You can use lookahead asserion. For example to match sentence without period:
[\w\s]+(?=\.)
and
[\w]+(?=\.)
For just last word (word before ".")
If you need to have the whole match be the last word you can use lookahead.
\w+(?=(\.))
This matches a set of word characters that are followed by a period, without matching the period.
If you want the last word in the line, regardless of wether the line ends on the end of a sentence or not you can use:
\w+(?=(\.?$))
Or if you want to also include ,!;: etc then
\w+(?=(\p{Punct}?$))
You can use matcher.group(1) to get the content of the first capturing group ((\w+) in your case). To say a little more, matcher.group(0) would return you the full match. So your regex is almost correct. An improvement is related to your use of $, which would catch the end of the line. Use this only if your sentence fill exactly the line!
With this regular expression (\w+)\p{Punct} you get a group count of 1, means you get one group with punctionation at matcher.group(0) and one without the punctuation at matcher.group(1).
To write the regular expression in Java, use: "(\\w+)\\p{Punct}"
To test your regular expressions online with Java (and actually a lot of other languages) see RegexPlanet
By using the $ operator you will only get a match at the end of a line. So if you have multiple sentences on one line you will not get a match in the middle one.
So you should just use:
(\w+)\.
the capture group will give the correct match.
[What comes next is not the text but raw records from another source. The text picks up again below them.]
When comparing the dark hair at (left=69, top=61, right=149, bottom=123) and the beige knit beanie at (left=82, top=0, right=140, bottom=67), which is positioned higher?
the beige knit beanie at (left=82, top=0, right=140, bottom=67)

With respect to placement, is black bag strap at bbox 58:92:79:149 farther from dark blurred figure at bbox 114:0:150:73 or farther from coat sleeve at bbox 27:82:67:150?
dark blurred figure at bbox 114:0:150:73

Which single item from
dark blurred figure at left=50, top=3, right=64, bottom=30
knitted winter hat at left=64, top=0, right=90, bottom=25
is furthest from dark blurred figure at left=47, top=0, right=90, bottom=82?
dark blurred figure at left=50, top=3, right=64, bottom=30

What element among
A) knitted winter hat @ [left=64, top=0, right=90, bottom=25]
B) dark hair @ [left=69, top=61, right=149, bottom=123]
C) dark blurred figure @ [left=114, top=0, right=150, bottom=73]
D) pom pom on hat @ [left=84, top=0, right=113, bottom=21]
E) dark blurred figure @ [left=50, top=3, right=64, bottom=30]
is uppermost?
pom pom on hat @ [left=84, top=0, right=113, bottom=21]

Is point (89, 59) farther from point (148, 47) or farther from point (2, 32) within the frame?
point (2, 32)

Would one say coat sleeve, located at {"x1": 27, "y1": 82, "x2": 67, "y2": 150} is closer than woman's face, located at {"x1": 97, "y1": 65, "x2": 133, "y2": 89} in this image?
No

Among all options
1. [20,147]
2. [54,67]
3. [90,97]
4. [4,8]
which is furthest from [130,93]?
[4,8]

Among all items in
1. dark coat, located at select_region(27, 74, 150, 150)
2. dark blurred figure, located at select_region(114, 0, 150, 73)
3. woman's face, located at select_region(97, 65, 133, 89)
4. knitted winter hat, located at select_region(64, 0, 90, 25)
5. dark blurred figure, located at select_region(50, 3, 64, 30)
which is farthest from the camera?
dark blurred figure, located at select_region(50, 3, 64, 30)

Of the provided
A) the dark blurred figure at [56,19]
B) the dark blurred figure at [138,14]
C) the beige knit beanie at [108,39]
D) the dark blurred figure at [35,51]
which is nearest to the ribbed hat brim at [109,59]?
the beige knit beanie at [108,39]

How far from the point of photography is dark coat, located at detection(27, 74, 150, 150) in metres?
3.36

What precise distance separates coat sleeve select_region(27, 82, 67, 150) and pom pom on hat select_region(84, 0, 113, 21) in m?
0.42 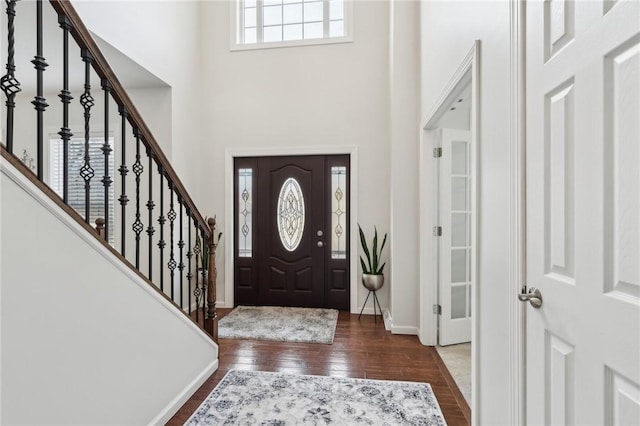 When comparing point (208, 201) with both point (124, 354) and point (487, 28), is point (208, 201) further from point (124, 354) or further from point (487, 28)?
point (487, 28)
You can see an example here
I don't understand why really, but this works:
package regex;
import java.util.regex.Matcher;
import java.util.regex.Pattern;
public class Main {
public static void main(String[] args) {
String matchesLastWordFine = "a b cd efg hi";
lastWord(matchesLastWordFine);
String noMatchFound = matchesLastWordFine + ".";
lastWord(noMatchFound);
}
private static void lastWord(String sentence) {
System.out.println("\n\ntrying\n" + sentence + "\nmatches:");
Pattern pattern = Pattern.compile("(\\w+)"); //(\w+)\.
Matcher matcher = pattern.matcher(sentence);
String match = null;
while (matcher.find()) {
match = matcher.group();
}
System.out.println(match);
}
}
I guess regex \w+ will match all the words (doh). Then the last word is what I was after. Too simple, really, I was trying to exclude punctuation, but I guess regex does that automagically for you..?